Exercise goal | Below are records; please write out exactly the lines from the first line through the line containing "5 Francs SWITZERLAND", with no pictures.

Excerpts from a dataset |
------------------------------------------------

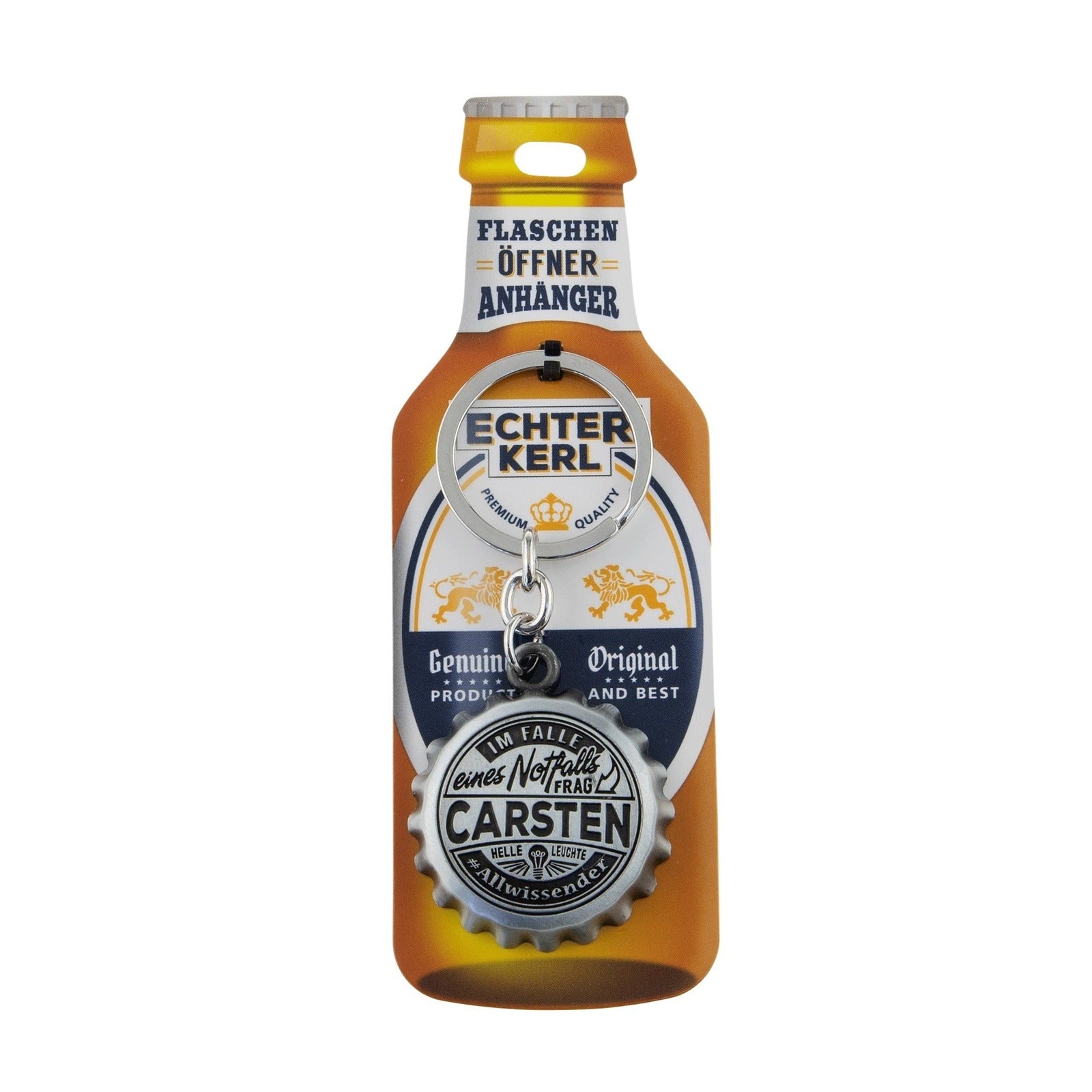 Schlüsselanhänger mit Flaschenöffner - Carsten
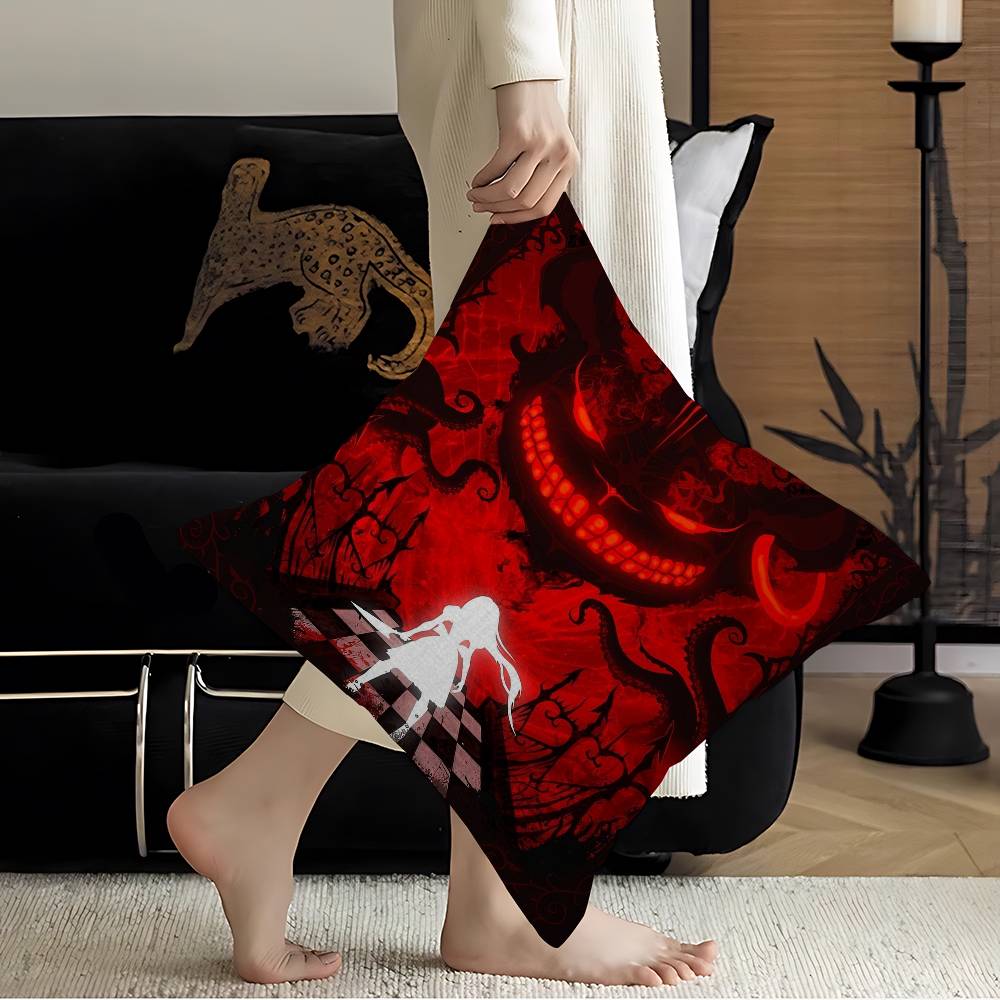 Horror Game AAlice MMadness RReturns Pillow Covers Cartoon Sofa Decorative Home Doublesided Short Plush Cute Cushion 30x30 cm
Horror Game AAlice MMadness RReturns Pillow Covers Cartoon Sofa Decorative Home Doublesided Short Plush Cute Cushion 30x30 cm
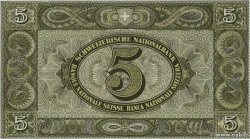 5 Francs SWITZERLAND  1914 P.11g AU+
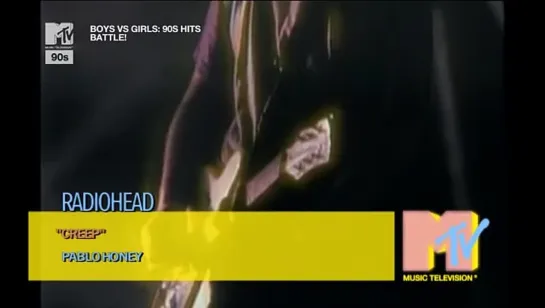 Radiohead - Creep (MTV 90s) Boys Vs Girls: 90s Hits Battle!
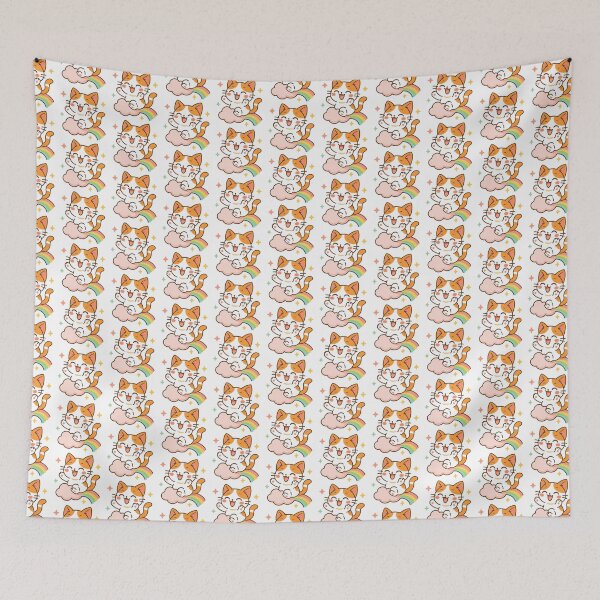 Item preview, Cute Anime Cat, Cute Kawaii Anime Cat designed and sold by graphic-genie.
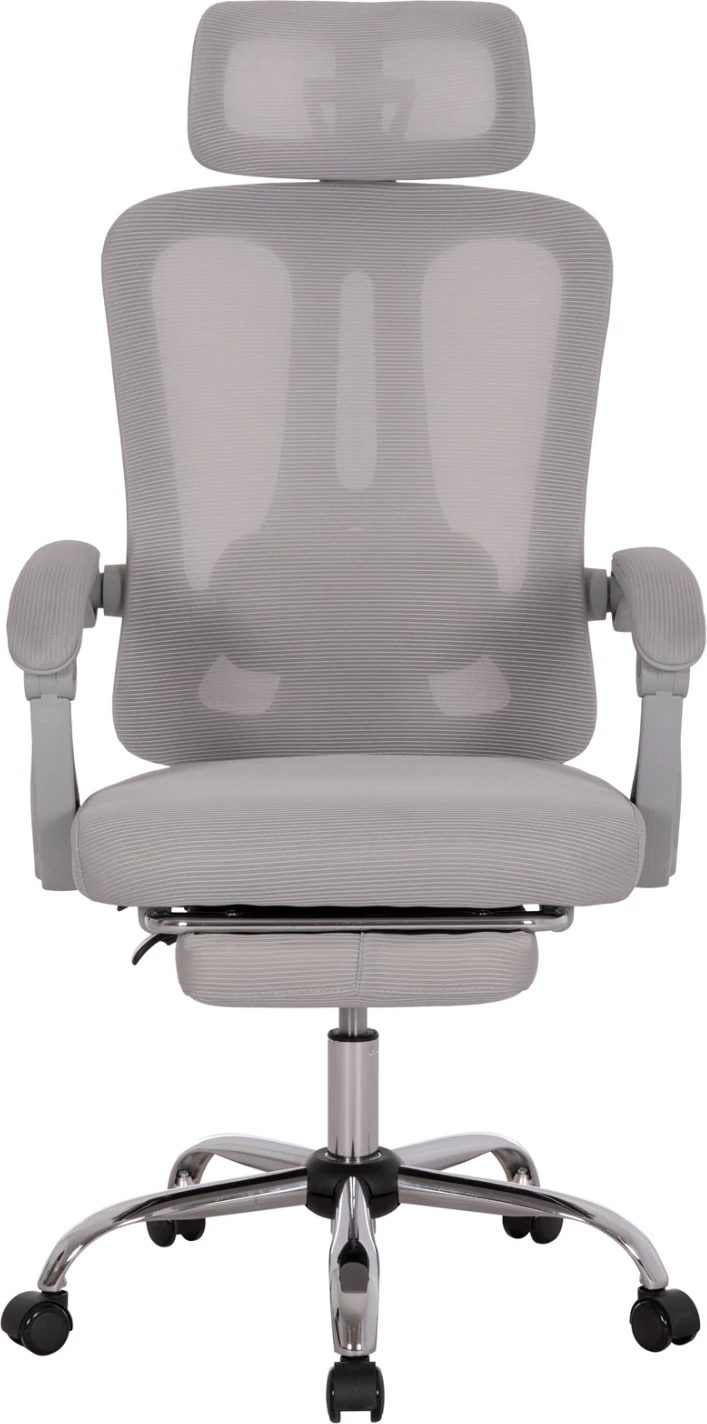 Karrige zyre BARNET, rrjetë gri, kornizë najloni gri, FH18258.02, 61x62x123cm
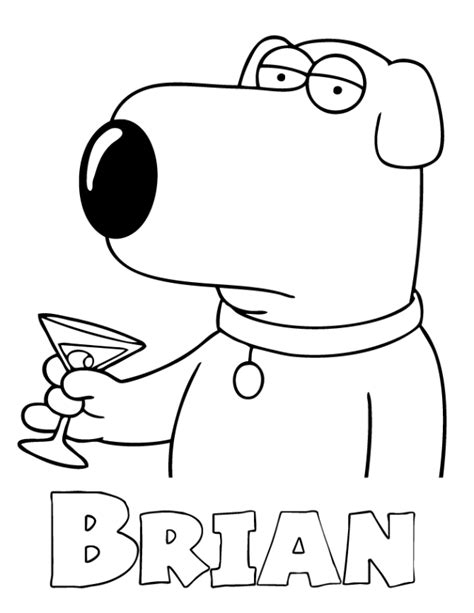family guy coloring pages  az coloring pages cartoon coloring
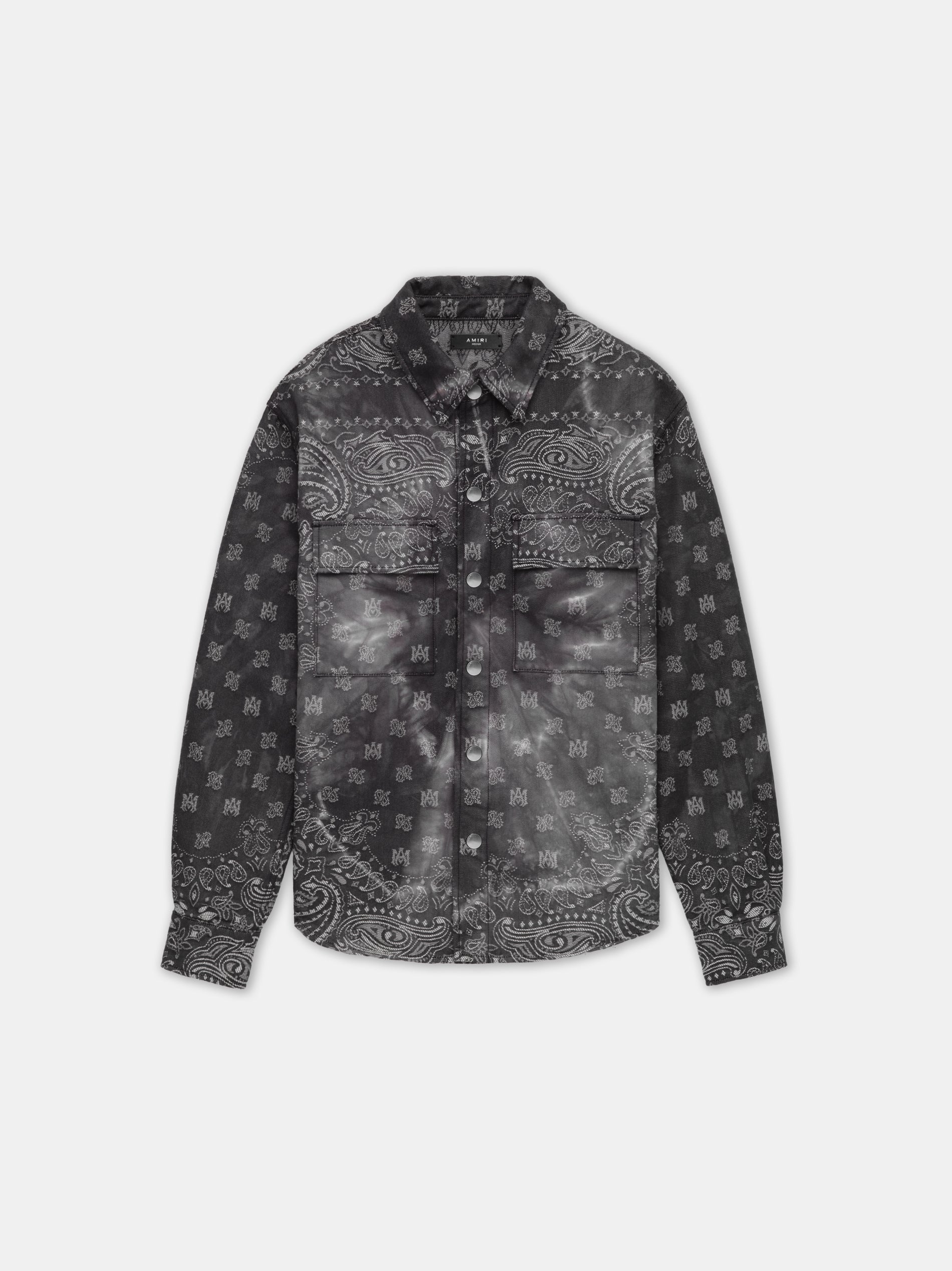 Product TIE DYE BANDANA OVERSHIRT - Dark Grey featured image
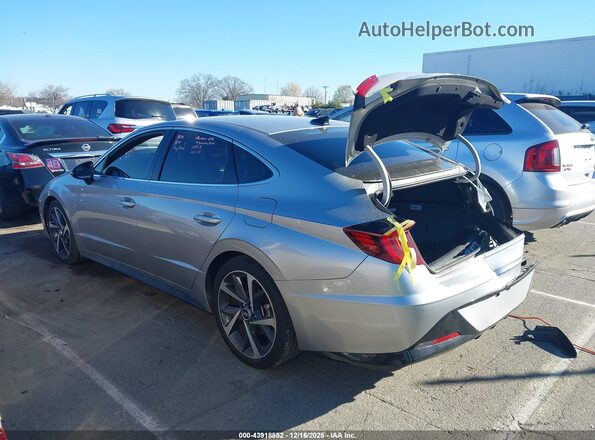 5NPEJ4J27MH064748 2021 HYUNDAI SONATA Gray Панорамний вид салону 360°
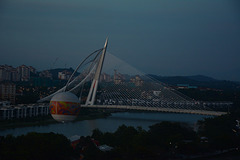 Seri Wawasan Bridge and Air Baloon in the Evening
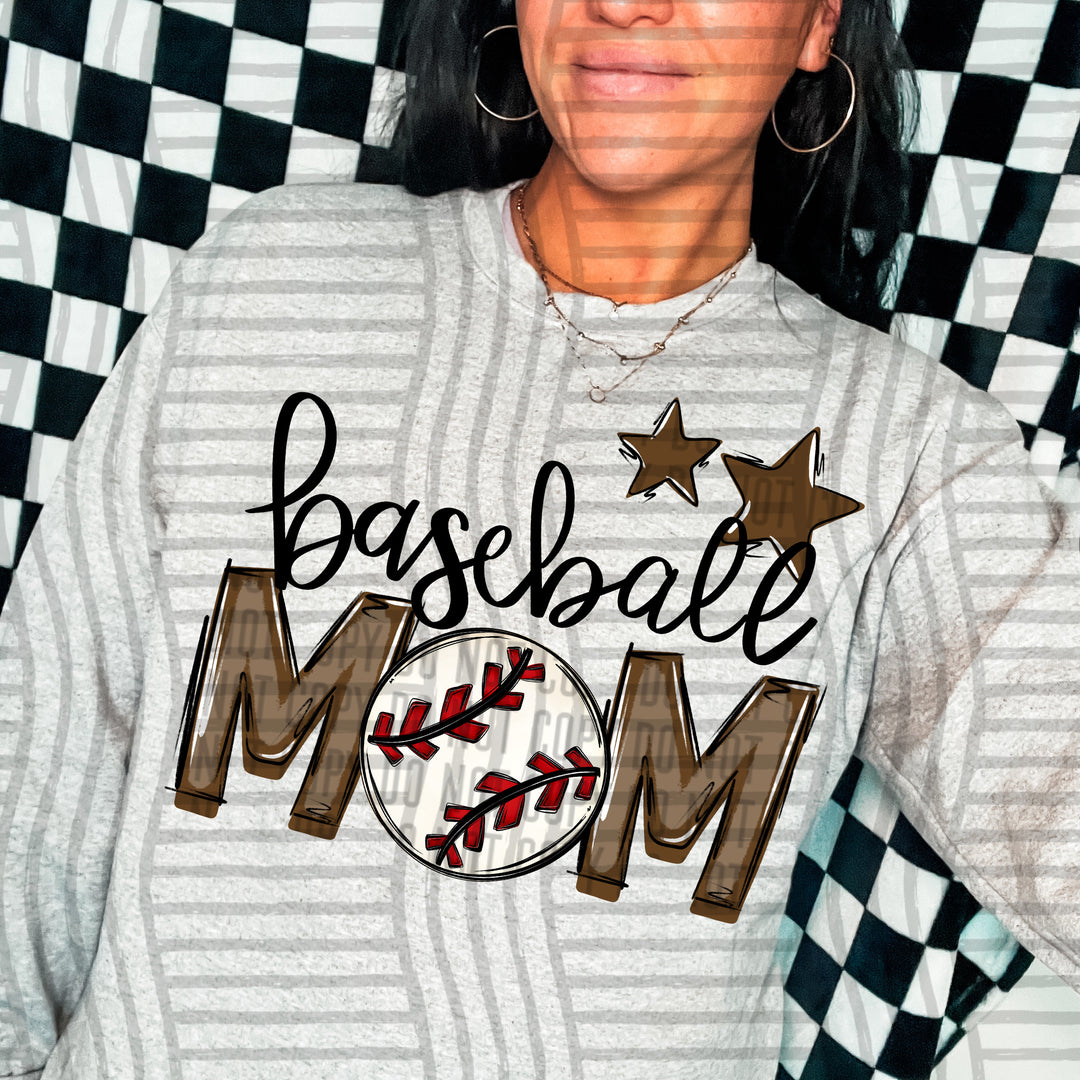 Sports Mom Baseball DTF Print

------------------------------------------------

Solved exercise |
 Schlüsselanhänger mit Flaschenöffner - Carsten
 Horror Game AAlice MMadness RReturns Pillow Covers Cartoon Sofa Decorative Home Doublesided Short Plush Cute Cushion 30x30 cm
Horror Game AAlice MMadness RReturns Pillow Covers Cartoon Sofa Decorative Home Doublesided Short Plush Cute Cushion 30x30 cm
 5 Francs SWITZERLAND  1914 P.11g AU+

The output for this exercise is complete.